[This blog post is the opinion of Greg Nooney and not necessarily the view of the First Unitarian Church of Sioux City.]
I re-read a science fiction novel published by Isaac Asimov in 1965 entitled The Naked Sun, due to its relevance for today. The story is about a planet of humans who live almost entirely separate from one another. Routinely, they “view” each other through a sophisticated technology of holographic imagery, a kind of Zoom on steroids. As a result, over the centuries, they developed an adverse reaction to any form of actual human contact. Those who are married tolerate physical contact for the sole purpose of procreation.
In the story, there is a particular character named Gladia, who is considered psychotic because she craves human contact. There is a scene at the end of the book, (Bantam books, pp. 257-258) where she allows herself to say goodbye to the protagonist, a human from Earth named Elijah Baley as follows:
Again a silent moment while they faced each other at ten paces.
Then Gladia cried suddenly, “Oh, Elijah, you’ll think it abandoned of me.”
“Think what abandoned?”
“May I touch you?
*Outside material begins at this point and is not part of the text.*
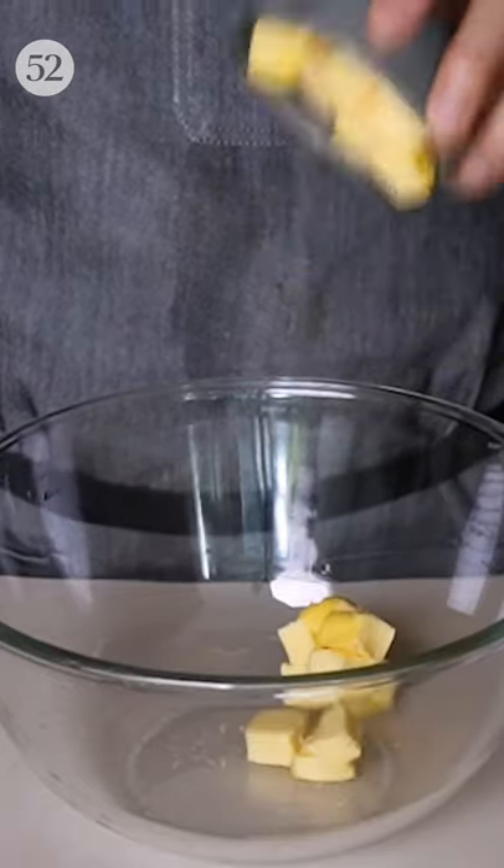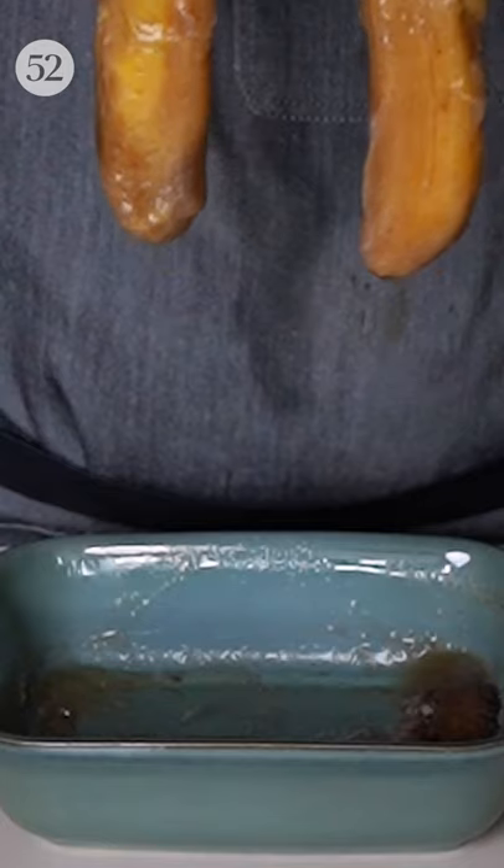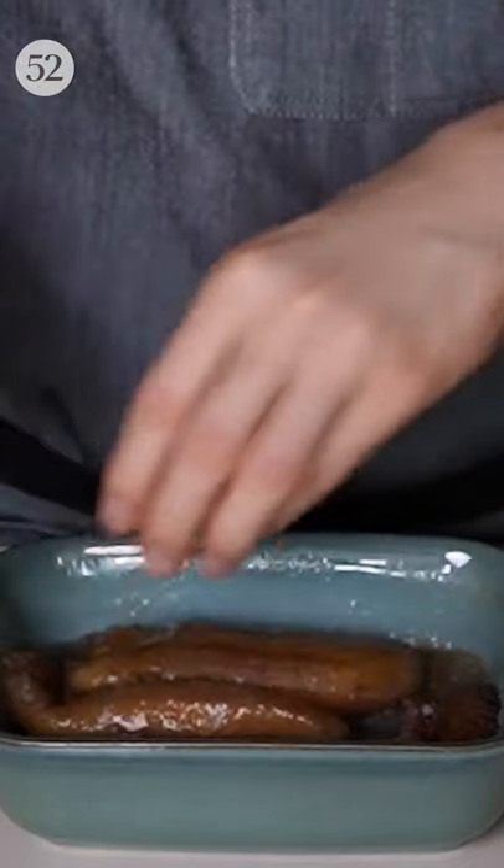To make this, start by combining butter, miso paste, white sugar and brown sugar in a bowl, then get some fresh bananas, or for extra sweetness, use overripe ones.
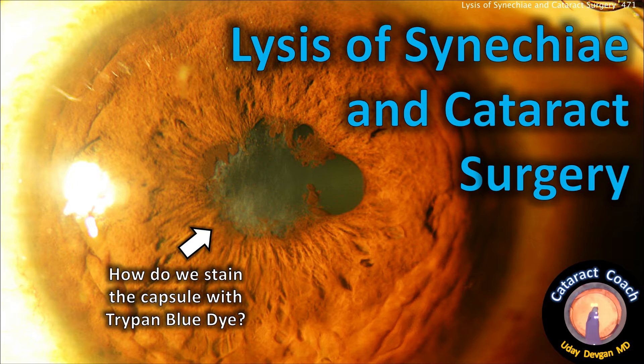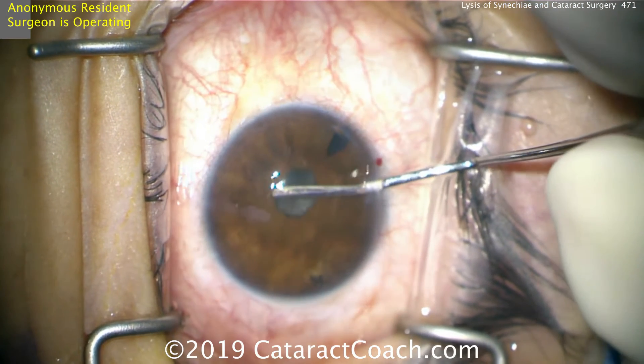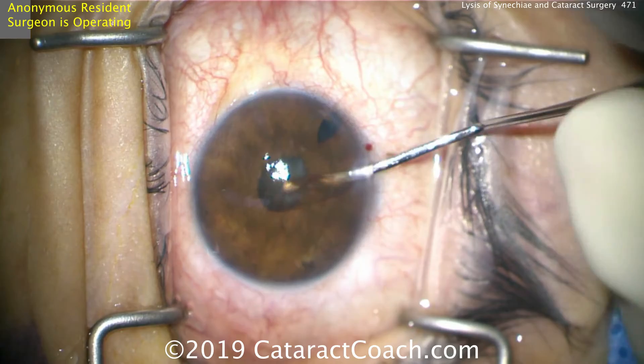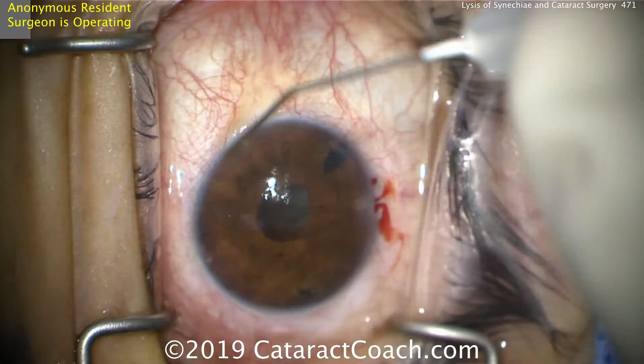CataractCoach.com — lysis of synechiae and cataract surgery. How do you stain the capsule with TriPen Blue dye when there's so much synechiae? The first step is a paracentesis, then use a spatula or some other smooth, blunt instrument to separate, in a circumferential manner, the iris attachments to the anterior lens capsule.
I’ll never see you again, Elijah.”
“If you want to.”
Step by step, she came closer, her eyes glowing, yet looking apprehensive, too. She stopped three feet away, then slowly, as in a trance, she began to remove the glove on her right hand.
Baley started a restraining gesture. “Don’t be foolish, Gladia.”
“I’m not afraid,” said Gladia.
Her hand was bare. It trembled as she extended it.
And so did Baley’s as he took her hand in his. They remained so for one moment, her hand a shy thing, frightened as it rested in his. He opened his hand and hers escaped, darted suddenly and without warning toward his face until her fingertips rested featherlight upon his cheek for the barest moment.
She said, “Thank you, Elijah. Goodbye.”
He said, “Goodbye, Gladia,” and watched her leave.
Even the thought that a ship was waiting to take him back to Earth did not wipe out the sense of loss he felt at that moment.
Each day I go for a walk along Perry Creek here in Sioux City. When humans pass me, I move as far off the path as I can and tighten my mask. I wave and they almost always wave back, happy to see another human, but with no desire to touch or even get within a few feet. I confess that I am worried that extended periods of isolation will make me afraid of touching other humans, especially those whom I do not know well. Dr. Anthony Fauci, NAIAID Director has said that handshakes should be a thing of the past even after a reliable vaccine against COVID 19 is developed. Is there a danger that we will end up like Gladia, trembling and shocked at herself for taking off her glove and touching another human being?
I sincerely hope not. Human touch can of course be violent. There is even an expression “He put his hands on me,” which is a description of an assault. Odd expression. At the same time, human touch can be healing. I remember Dr. Elizabeth Kubler-Ross saying that the minimum daily requirement of hugs is eleven. I am fortunate to be sheltering at home with my spouse of 40 years so we can hug each other. So many humans are all alone, without hugs, without human touch. What effect will this have in the long run?